Whoever has his computer now, has half a book that Jeremy and I were writing together at the time of his death, a couple of columns I had asked him to look at and a voluminous correspondence of both high- and lowbrow odds and ends, thanks to his extraordinary intellect and wicked humour.
My own computer contains several chapters of another novel he was working on, quite a few of his unpublished poems and an erudite exegesis of why, at the age of 53, he embarked on MA studies focusing on, of all people, the medieval Jewish philosopher Maimonides. (Spoiler: his Latvian and Lithuanian grandfathers were to blame.)

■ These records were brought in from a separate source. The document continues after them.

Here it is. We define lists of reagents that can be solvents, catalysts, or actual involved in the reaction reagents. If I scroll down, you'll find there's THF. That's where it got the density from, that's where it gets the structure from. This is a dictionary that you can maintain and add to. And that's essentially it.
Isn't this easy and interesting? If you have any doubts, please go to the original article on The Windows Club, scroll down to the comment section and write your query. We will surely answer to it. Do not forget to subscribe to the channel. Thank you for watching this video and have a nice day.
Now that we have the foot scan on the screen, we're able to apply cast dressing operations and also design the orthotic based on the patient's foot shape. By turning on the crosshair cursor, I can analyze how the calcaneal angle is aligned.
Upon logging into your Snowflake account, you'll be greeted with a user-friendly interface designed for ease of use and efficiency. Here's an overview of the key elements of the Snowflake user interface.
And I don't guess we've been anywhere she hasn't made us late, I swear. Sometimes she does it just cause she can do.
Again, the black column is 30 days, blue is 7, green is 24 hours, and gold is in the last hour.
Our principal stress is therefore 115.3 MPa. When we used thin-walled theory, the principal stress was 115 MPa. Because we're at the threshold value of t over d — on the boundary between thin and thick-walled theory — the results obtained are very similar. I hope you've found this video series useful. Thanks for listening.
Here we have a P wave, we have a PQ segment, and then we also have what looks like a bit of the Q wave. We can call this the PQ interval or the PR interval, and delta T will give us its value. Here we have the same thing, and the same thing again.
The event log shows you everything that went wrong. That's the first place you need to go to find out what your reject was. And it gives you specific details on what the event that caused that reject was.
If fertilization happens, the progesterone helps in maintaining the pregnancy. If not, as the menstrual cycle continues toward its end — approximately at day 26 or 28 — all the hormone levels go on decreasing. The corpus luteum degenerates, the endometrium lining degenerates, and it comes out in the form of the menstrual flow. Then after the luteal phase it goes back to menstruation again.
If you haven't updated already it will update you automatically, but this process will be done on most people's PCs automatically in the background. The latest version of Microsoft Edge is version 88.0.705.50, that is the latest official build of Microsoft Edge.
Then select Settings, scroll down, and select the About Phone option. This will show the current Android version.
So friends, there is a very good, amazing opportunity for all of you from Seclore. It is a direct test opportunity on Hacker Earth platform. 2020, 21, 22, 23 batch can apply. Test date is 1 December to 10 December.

In a world that seems to have forgotten poetry (except for rap and something called “slam”), has turned pronouns into weapons and is in thrall to cant and conspiracies, Jeremy’s proper syntax, folksy style and common sense views may have seemed a bit anachronistic.
But for those of us who grew up under apartheid in the fifties and the sixties, read books, enjoyed challenging our minds and were leery of ideologies, Jeremy’s writing — his sensibilities — were a tonic and an education. He was, without going overboard, the voice of my generation — certainly one of the very few.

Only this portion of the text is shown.